[This article was first published on R – Statistical Odds & Ends, and kindly contributed to R-bloggers]. (You can report issue about the content on this page here)
Want to share your content on R-bloggers? click here if you have a blog, or here if you don't.

Isotonic regression is a method for obtaining a monotonic fit for 1-dimensional data. Let’s say we have data $(x_1, y_1), \dots, (x_n, y_n) \in \mathbb{R}^2$ such that $x_1 < x_2 < \dots < x_n$. (We assume no ties among the $x_i$‘s for simplicity.) Informally, isotonic regression looks for $\beta_1, \dots, \beta_n \in \mathbb{R}$ such that the $\beta_i$‘s approximate the $y_i$‘s well while being monotonically non-decreasing. Formally, the $\beta_i$‘s are the solution to the optimization problem

\begin{aligned} \text{minimize}_{\beta_1, \dots, \beta_n} \quad& \sum_{i=1}^n (y_i - \beta_i)^2 \\ \text{subject to} \quad& \beta_1 \leq \dots \leq \beta_n. \end{aligned}

(Note: There is a corresponding solution for a monotonically non-increasing fit. Sometimes, the above is referred to as linear ordering isotonic regression, with isotonic regression referring to a more general version of the problem above. For more general versions, see References 1 and 2.)

Isotonic regression is useful for enforcing a monotonic fit to the data. Sometimes you might know that your trend is monotonic but the output from your model is not monotonic. In that situation you can use isotonic regression as a smoother for the data or a post-processing step to force your model prediction to be monotonic.

A commonly used algorithm to obtain the isotonic regression solution is the pool-adjacent-violators algorithm (PAVA). It runs in linear time and linear memory.
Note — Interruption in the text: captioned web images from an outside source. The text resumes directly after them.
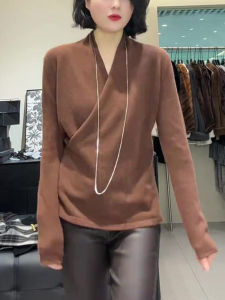 UYFY | Café Brown Casual Versatile Loose Womens Knitwear V-Neck Cross Long Sleeve Soft Comfortable Fashion Design Autumn Winter New Style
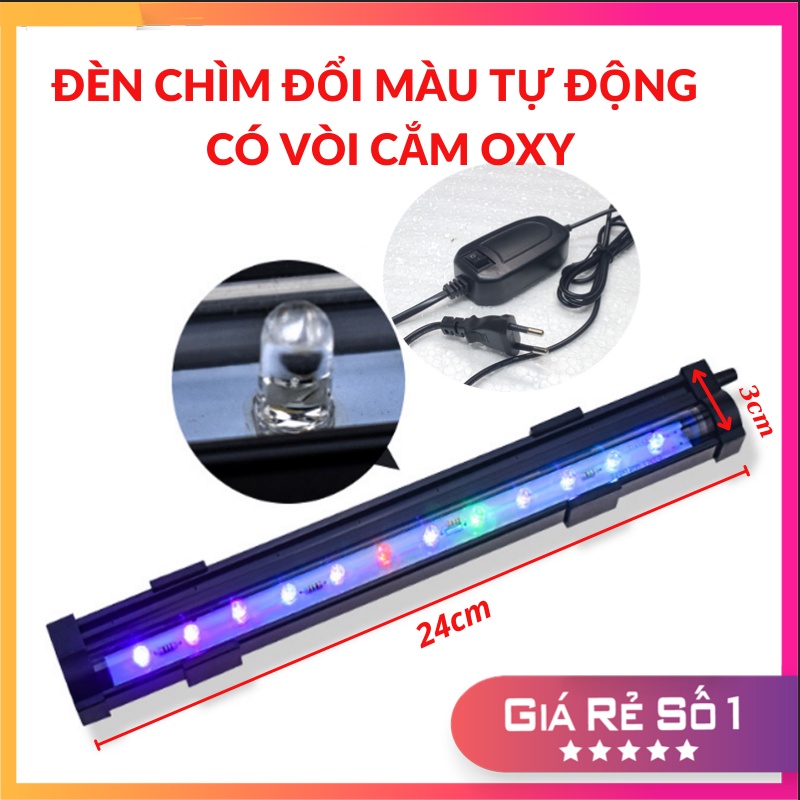 Đèn bể cá ĐÈN CHÌM ĐỔI MÀU tự động LOẠI LỚN có vòi cắm oxi hiệu ứng đổi màu đẹp cho hồ cá cảnh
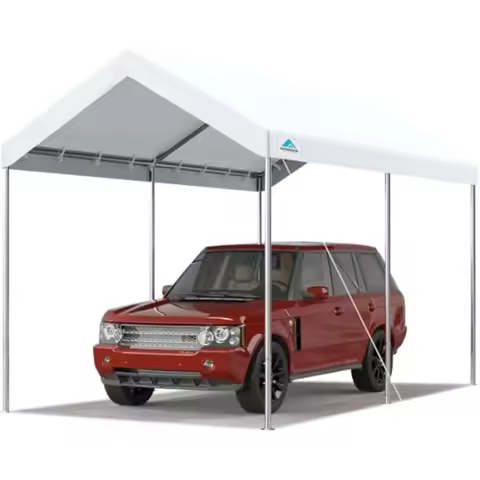 10x15 Feet Heavy Duty Carport Potable Car Canopy Garage Party Tent Boat Shelter, Adjustable Height f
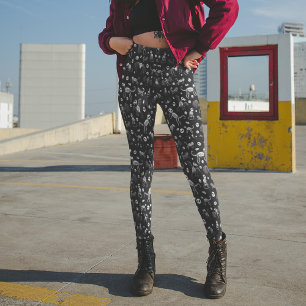 Halloween Animal Bats Dogs Cats Spiders Skeletons Leggings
At a high level it works like this: go from left to right and set $\beta_i = y_i$. If setting $\beta_i$ as such causes a violation of monotonicity (i.e. $\beta_i = y_i < y_{i-1} = \beta_{i-1}$), replace both $\beta_i$ and $\beta_{i-1}$ with the mean $(y_{i-1} + y_i)/2$. This move may result in earlier violations (i.e. the new $\beta_{i-1}$ may be less than $\beta_{i-2}$): if that happens, we need to go back and fix it via averaging.

The animation below works through an example of how PAVA works. (Essentially I wrote a homebrew version of PAVA but kept a record of the intermediate fits.) Note that there are a number of ways to implement PAVA: what you see below may not be the most efficient. Click here for the R code; you can amend the dataset there to get your own version of the animation below.

If you want to do isotonic regression in R, DON’T use my homebrew version, use the gpava function in the isotone package instead.

References:

1. Stat Wiki. Isotonic regression.
2. Mair, P., Hornik, M., and de Leeuw, J. (2009). Isotone optimization in R: Pool-adjacent-violators algorithm (PAVA) and active set methods.